# Activity:
Could you retype exactly the lines below between the one holding "REPLAY MAN T SHIRT LETTERS PRINT WHITE" and the one holding "New Black Scottsdale", inclusive, leaving out any pictures?

# Extracted records:
===
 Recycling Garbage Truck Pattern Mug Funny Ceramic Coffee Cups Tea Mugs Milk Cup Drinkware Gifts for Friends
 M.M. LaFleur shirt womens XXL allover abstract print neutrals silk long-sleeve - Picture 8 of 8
===
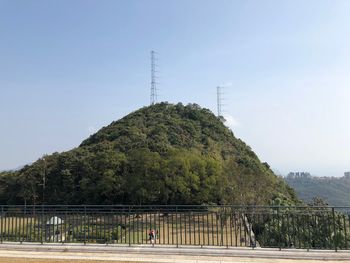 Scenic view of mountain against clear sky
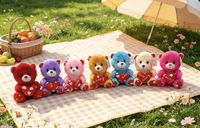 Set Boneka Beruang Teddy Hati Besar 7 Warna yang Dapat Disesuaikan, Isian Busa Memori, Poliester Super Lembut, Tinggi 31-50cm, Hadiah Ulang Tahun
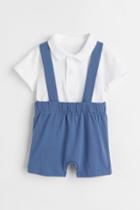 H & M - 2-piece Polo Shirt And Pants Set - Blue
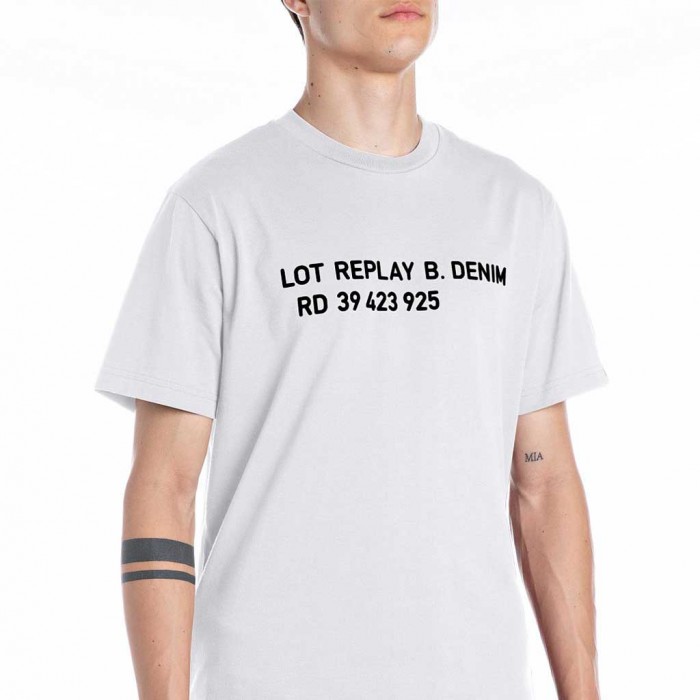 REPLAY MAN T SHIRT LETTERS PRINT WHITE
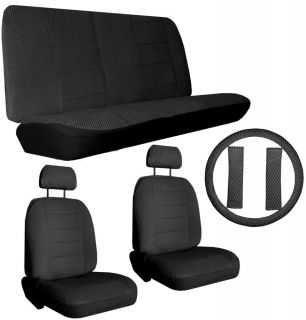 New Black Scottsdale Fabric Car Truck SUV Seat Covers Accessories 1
===
# Written response:
 REPLAY MAN T SHIRT LETTERS PRINT WHITE
 New Black Scottsdale Fabric Car Truck SUV Seat Covers Accessories 1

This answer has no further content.